» PROBLEM DETAILS:
Could you retype exactly the line containing "Glass jar filled" and every line after it in the data below, leaving out the pictures?

(Stored dataset items)
========

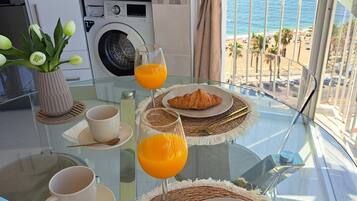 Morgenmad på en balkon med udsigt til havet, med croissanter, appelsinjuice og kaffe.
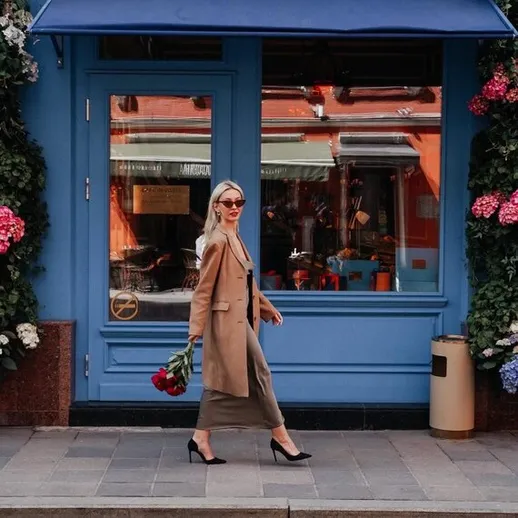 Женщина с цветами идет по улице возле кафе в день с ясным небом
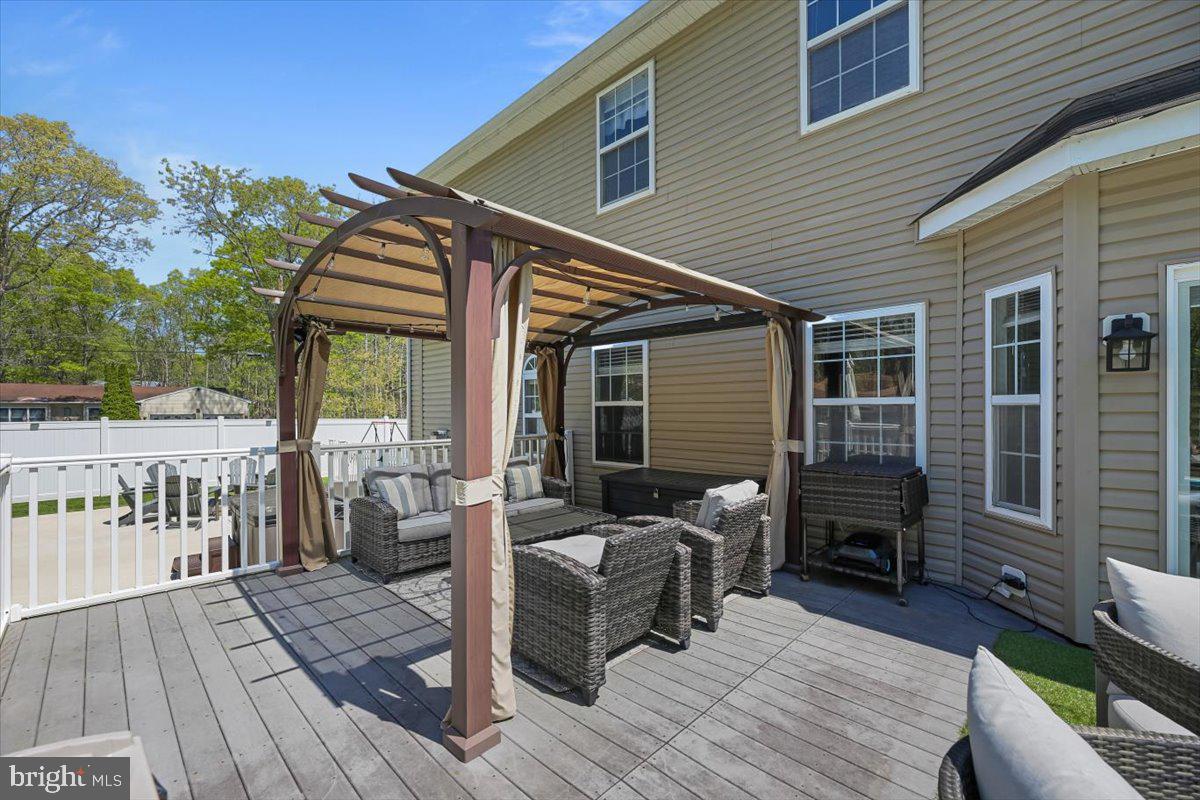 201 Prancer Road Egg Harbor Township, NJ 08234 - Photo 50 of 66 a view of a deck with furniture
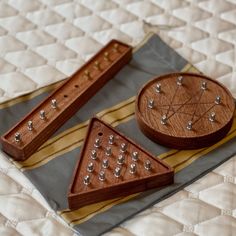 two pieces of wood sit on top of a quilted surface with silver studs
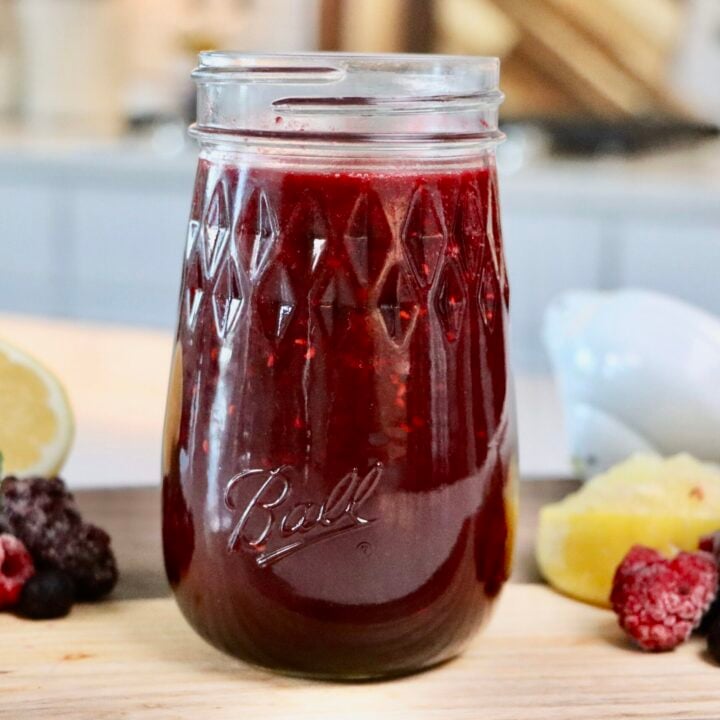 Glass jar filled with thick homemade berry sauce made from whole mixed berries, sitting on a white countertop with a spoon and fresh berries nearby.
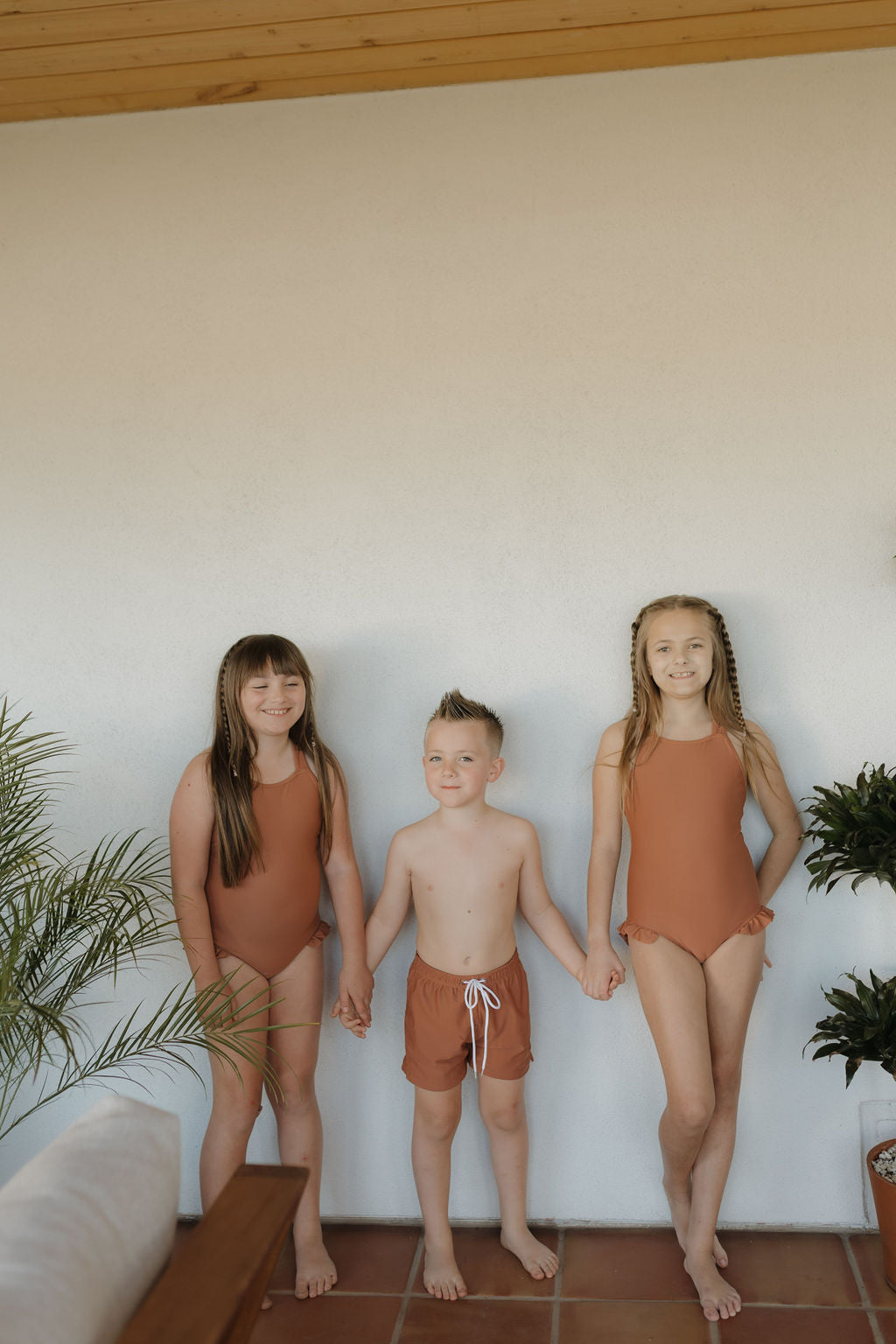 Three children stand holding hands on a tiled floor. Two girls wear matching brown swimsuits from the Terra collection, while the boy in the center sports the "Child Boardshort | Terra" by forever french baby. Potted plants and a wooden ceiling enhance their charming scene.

========

» RESPONSE AREA:
 Glass jar filled with thick homemade berry sauce made from whole mixed berries, sitting on a white countertop with a spoon and fresh berries nearby.
 Three children stand holding hands on a tiled floor. Two girls wear matching brown swimsuits from the Terra collection, while the boy in the center sports the "Child Boardshort | Terra" by forever french baby. Potted plants and a wooden ceiling enhance their charming scene.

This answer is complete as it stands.